La crisi climatica è spesso raccontata come un fenomeno globale, ma le sue conseguenze si manifestano localmente. Questo significa che ogni settore della società ha un ruolo diverso ma complementare. I governi devono trasformare le intenzioni della COP30 in politiche concrete, con investimenti mirati, regolamentazioni efficaci e sostegno alle tecnologie pulite. Le aziende devono accelerare la propria decarbonizzazione, non solo per obbligo normativo ma come scelta strategica, perché un’economia ad alta impronta carbonica sarà sempre più fragile.

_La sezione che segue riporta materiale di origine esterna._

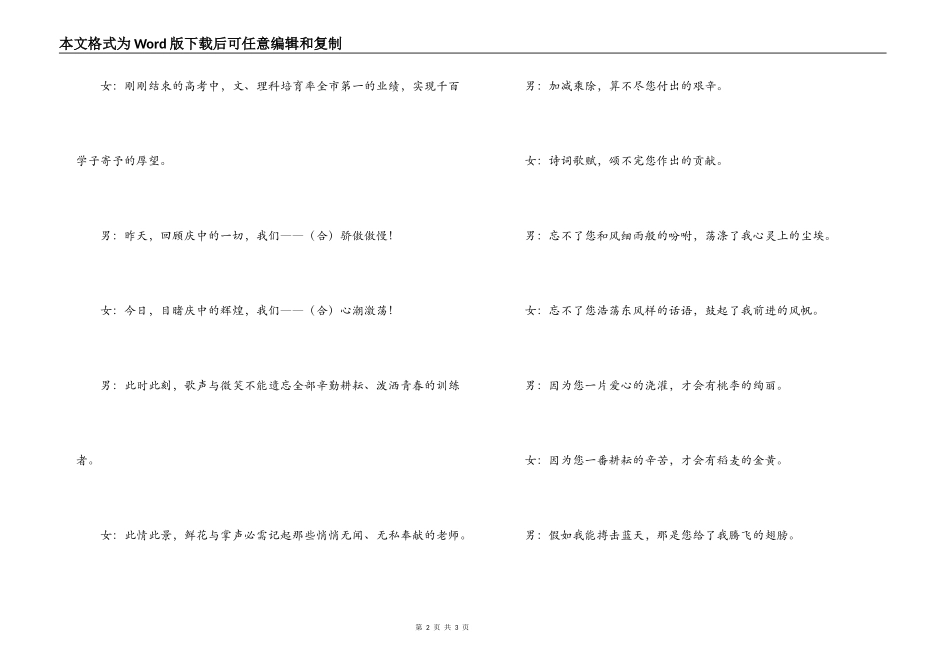 教师节晚会主持词串词_第2页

I cittadini, dal canto loro, diventano parte essenziale della transizione. Non per un dovere morale astratto, ma per la capacità collettiva di influenzare la domanda, i consumi e le politiche attraverso scelte informate. La COP30 mette in luce il fatto che ogni azione locale assume valore globale quando è inserita in un sistema consapevole e orientato al cambiamento. La ricerca di una sostenibilità reale non può essere demandata esclusivamente ai governi o alle organizzazioni internazionali, perché dipende da comportamenti quotidiani e da un cambiamento culturale.

Perché la conclusione della COP30 non può essere un punto d’arrivo ma solo un punto di partenza?

L’esito dei negoziati di Belém ci mostra con chiarezza che la lotta al cambiamento climatico non può più permettersi la lentezza dei passaggi diplomatici. L’accordo finale rappresenta un passo avanti e un limite allo stesso tempo. Avanza sul terreno dell’adattamento e della protezione delle comunità vulnerabili, ma resta indietro sulla questione dell’abbandono dei combustibili fossili, che rimane la causa principale della crisi climatica. Questa distanza tra urgenza scientifica e risposta politica è il vero nodo del futuro.

La COP30 ci consegna una verità difficile ma necessaria: il futuro della politica climatica dipenderà dalle scelte che verranno prese non durante il prossimo vertice, ma nelle prossime settimane. I governi dovranno dimostrare di aver compreso la gravità del problema. Le aziende dovranno trasformare gli impegni in investimenti. Le città dovranno diventare laboratori di sostenibilità. I cittadini dovranno rivendicare il diritto a vivere in un mondo che protegge la loro salute e il loro futuro.

Il clima non aspetta e non negozia. Se la COP30 è servita a ricordarlo, allora potrebbe davvero rappresentare l’inizio di una fase nuova. Non sarà una decisione presa a Belém a cambiare il corso della storia, ma la volontà collettiva di trasformare quel compromesso in un movimento reale verso la transizione energetica. La politica, l’economia e la società hanno ora l’occasione di dimostrare che il limite della COP30 può diventare la forza del dopo.